* **Task to complete**
Please copy out the lines in the entries that contain "media".

* **Supplied data**
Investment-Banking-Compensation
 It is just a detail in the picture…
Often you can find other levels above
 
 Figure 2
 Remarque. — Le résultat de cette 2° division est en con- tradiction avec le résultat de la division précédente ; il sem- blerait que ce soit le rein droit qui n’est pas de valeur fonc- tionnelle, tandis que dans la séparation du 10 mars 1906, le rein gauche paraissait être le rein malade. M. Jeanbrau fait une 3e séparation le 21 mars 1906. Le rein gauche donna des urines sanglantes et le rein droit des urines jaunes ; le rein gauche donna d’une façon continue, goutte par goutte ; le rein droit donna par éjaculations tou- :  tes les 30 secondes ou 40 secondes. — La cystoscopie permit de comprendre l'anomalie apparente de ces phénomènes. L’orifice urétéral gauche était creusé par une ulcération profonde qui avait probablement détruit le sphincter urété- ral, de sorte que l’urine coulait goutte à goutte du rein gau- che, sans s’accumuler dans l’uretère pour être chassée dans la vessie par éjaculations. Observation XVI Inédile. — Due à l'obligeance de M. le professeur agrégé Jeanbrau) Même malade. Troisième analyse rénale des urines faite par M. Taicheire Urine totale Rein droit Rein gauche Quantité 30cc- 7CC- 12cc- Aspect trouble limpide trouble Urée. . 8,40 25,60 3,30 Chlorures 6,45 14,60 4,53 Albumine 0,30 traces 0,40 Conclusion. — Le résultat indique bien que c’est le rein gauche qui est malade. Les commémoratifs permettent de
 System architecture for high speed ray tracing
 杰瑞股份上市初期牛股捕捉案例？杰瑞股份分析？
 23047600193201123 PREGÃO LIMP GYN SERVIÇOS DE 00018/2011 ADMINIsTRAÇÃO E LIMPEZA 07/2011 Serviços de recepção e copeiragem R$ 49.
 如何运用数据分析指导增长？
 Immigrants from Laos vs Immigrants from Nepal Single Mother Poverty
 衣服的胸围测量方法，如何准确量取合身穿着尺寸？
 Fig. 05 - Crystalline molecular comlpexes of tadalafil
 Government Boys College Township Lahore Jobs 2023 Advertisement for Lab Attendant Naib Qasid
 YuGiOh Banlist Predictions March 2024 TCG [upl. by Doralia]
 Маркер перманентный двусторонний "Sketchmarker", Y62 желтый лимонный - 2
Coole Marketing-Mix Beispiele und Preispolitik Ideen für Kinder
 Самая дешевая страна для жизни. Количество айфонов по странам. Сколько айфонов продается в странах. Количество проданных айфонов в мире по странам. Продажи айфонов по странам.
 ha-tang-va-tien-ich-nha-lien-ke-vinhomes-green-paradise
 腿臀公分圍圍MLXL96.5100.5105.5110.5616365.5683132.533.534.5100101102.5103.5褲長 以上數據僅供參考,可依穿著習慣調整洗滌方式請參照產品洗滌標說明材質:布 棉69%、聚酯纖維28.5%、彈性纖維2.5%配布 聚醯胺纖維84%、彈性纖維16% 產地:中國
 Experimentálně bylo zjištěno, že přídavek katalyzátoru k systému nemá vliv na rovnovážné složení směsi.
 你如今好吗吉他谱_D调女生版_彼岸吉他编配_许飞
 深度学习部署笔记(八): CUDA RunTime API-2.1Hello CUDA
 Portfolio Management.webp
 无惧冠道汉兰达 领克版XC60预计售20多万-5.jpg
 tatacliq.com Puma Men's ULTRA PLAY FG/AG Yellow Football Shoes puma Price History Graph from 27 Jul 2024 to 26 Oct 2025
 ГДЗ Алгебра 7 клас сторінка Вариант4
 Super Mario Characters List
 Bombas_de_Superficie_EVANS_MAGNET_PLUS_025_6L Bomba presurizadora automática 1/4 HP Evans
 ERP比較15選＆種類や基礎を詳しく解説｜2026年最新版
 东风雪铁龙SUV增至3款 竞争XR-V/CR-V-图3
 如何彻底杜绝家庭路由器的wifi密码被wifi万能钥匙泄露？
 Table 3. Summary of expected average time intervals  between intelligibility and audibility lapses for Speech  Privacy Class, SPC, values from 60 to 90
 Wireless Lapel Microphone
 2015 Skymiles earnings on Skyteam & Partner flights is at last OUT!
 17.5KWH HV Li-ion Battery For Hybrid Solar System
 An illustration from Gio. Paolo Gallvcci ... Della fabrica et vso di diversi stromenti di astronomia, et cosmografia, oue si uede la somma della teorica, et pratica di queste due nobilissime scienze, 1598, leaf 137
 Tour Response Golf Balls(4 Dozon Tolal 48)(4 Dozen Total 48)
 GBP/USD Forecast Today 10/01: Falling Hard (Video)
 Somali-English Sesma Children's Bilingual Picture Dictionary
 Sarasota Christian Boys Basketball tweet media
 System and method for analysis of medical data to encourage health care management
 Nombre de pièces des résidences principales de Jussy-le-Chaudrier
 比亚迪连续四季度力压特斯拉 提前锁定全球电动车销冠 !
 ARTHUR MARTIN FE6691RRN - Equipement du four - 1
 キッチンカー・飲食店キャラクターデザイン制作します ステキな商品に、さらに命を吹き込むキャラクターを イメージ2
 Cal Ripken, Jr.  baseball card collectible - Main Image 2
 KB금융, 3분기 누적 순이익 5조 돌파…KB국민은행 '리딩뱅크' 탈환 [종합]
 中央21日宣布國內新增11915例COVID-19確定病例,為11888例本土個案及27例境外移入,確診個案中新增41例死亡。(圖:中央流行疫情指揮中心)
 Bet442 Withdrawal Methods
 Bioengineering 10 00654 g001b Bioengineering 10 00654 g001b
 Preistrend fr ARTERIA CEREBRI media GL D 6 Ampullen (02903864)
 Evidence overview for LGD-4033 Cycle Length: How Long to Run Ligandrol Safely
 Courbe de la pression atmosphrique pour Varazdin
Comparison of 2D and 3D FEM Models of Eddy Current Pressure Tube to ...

* **Exercise output**
 Sarasota Christian Boys Basketball tweet media
 Preistrend fr ARTERIA CEREBRI media GL D 6 Ampullen (02903864)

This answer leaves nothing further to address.